====== THE RECORDS

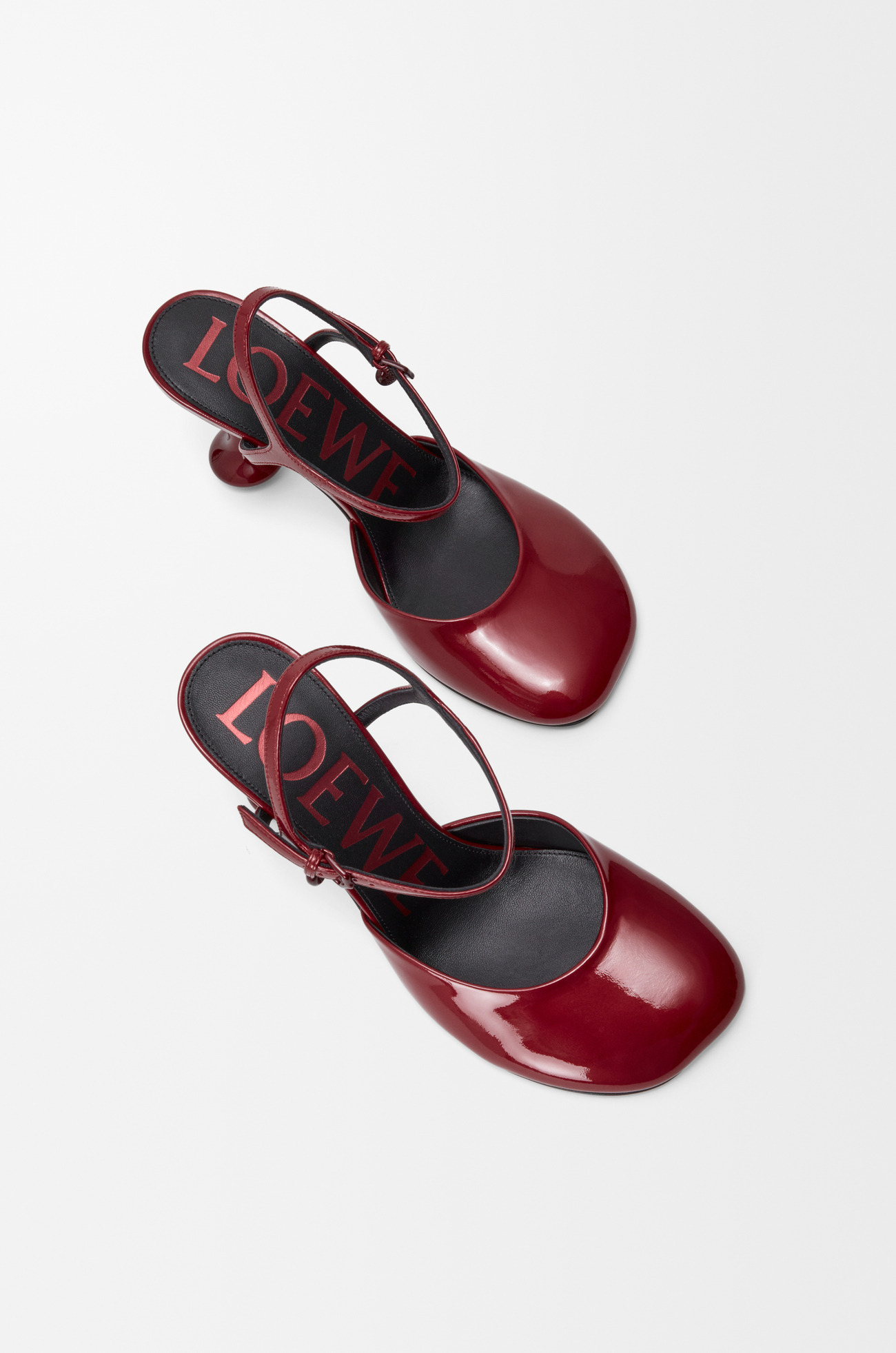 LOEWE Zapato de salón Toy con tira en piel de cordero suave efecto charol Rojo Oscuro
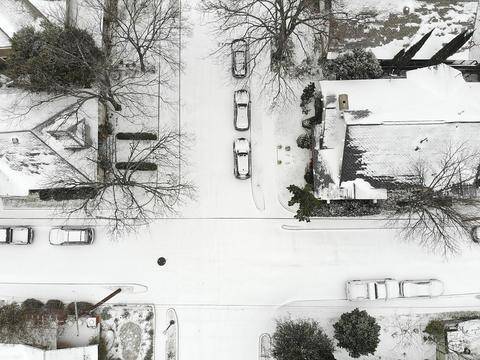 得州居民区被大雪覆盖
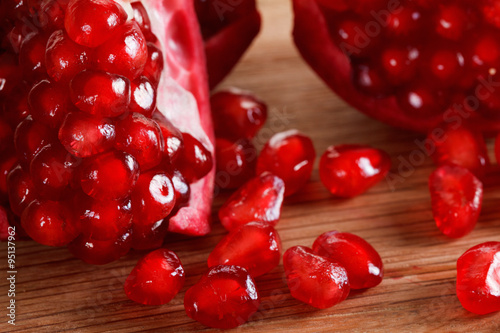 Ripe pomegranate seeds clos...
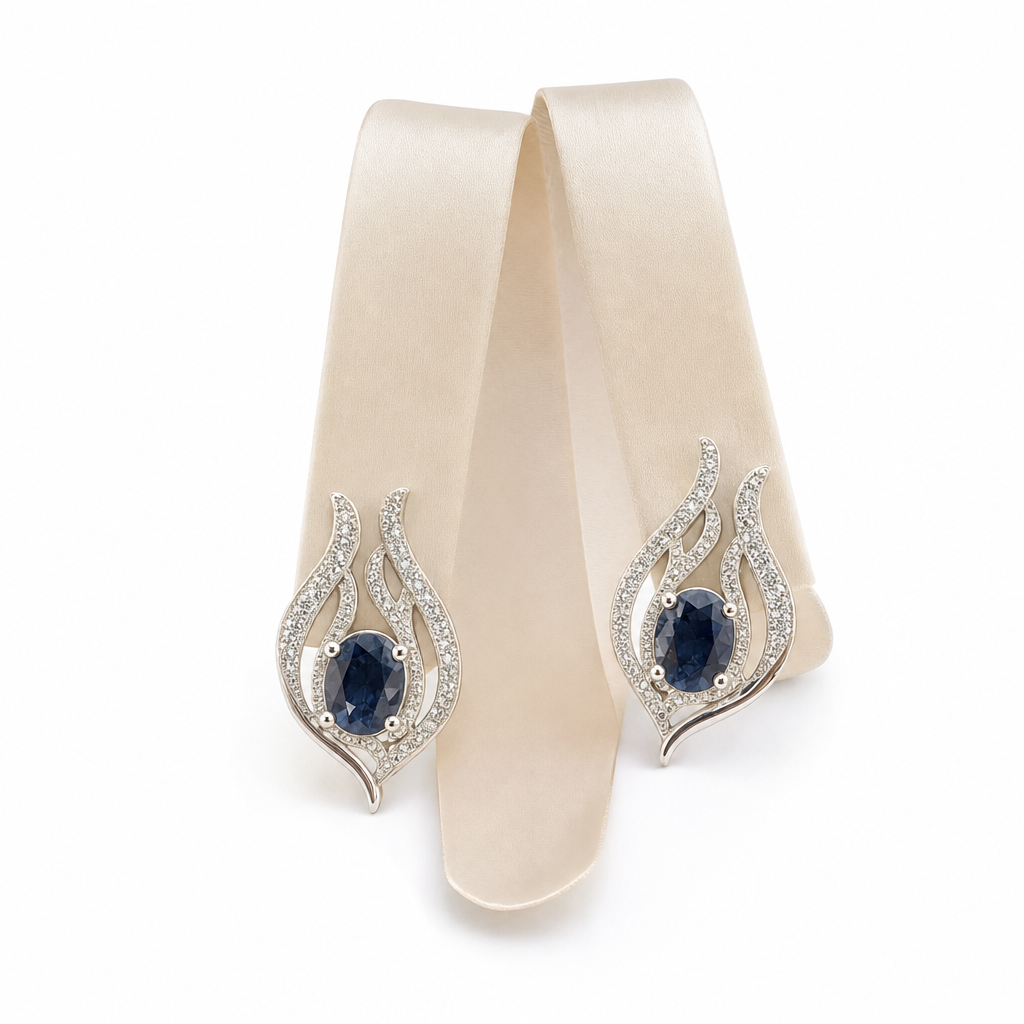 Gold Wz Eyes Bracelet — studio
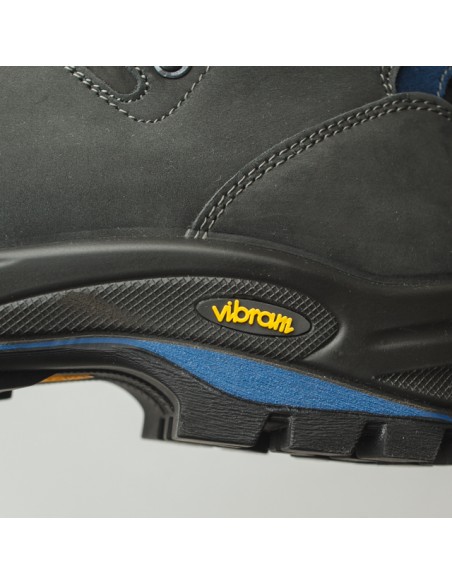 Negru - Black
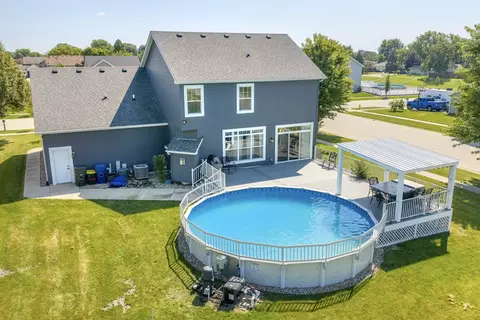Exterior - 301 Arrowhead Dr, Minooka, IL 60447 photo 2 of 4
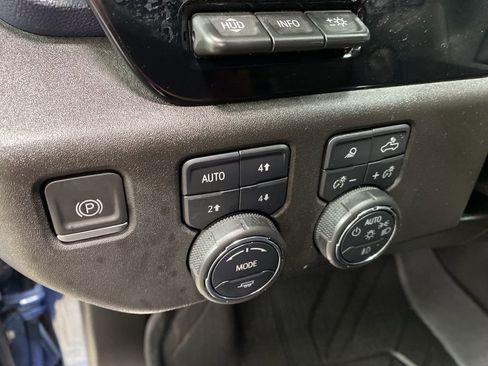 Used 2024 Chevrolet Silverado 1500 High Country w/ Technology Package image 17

============

* EXERCISE PROMPT *
All of the material goes into the answer exactly as it stands, except for the pictures.

* ANSWER BOX *
 LOEWE Zapato de salón Toy con tira en piel de cordero suave efecto charol Rojo Oscuro
 得州居民区被大雪覆盖
 Ripe pomegranate seeds clos...
 Gold Wz Eyes Bracelet — studio
 Negru - Black
Exterior - 301 Arrowhead Dr, Minooka, IL 60447 photo 2 of 4
 Used 2024 Chevrolet Silverado 1500 High Country w/ Technology Package image 17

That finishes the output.